## Goal of the exercise
Search the entries for the word "BLACK". Copy every line that holds it.

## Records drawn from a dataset

++++++++++++++++++++

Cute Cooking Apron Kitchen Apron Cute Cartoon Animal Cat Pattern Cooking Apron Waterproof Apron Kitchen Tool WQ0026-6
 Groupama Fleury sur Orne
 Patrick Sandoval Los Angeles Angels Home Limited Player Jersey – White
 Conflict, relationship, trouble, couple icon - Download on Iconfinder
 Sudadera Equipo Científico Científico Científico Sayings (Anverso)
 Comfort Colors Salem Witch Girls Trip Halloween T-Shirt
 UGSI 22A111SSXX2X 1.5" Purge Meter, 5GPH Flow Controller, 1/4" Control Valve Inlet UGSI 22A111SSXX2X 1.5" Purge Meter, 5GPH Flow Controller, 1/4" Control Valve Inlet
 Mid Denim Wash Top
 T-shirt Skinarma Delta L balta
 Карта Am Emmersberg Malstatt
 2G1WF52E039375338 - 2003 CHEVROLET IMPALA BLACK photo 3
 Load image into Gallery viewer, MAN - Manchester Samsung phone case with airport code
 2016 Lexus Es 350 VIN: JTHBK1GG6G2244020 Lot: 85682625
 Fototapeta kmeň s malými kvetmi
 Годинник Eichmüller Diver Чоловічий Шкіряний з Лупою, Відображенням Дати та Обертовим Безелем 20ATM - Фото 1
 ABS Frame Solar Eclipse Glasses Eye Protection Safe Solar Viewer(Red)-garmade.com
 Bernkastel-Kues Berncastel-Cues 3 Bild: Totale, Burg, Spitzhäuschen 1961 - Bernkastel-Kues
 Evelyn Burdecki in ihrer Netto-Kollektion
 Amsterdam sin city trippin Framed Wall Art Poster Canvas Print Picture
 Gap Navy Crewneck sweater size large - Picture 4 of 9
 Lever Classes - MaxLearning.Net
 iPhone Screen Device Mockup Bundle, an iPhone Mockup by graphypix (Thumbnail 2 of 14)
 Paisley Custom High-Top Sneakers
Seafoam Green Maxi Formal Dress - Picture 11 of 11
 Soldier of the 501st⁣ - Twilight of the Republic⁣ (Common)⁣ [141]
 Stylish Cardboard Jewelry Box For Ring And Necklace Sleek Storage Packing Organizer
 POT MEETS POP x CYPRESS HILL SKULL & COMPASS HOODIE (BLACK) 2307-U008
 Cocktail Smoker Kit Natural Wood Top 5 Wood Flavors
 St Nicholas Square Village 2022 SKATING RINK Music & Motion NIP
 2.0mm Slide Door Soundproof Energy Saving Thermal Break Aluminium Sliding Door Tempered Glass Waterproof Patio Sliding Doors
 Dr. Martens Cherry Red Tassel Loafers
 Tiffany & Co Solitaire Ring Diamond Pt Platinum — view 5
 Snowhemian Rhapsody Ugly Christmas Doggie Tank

++++++++++++++++++++

## Answer for this exercise
 2G1WF52E039375338 - 2003 CHEVROLET IMPALA BLACK photo 3
 POT MEETS POP x CYPRESS HILL SKULL & COMPASS HOODIE (BLACK) 2307-U008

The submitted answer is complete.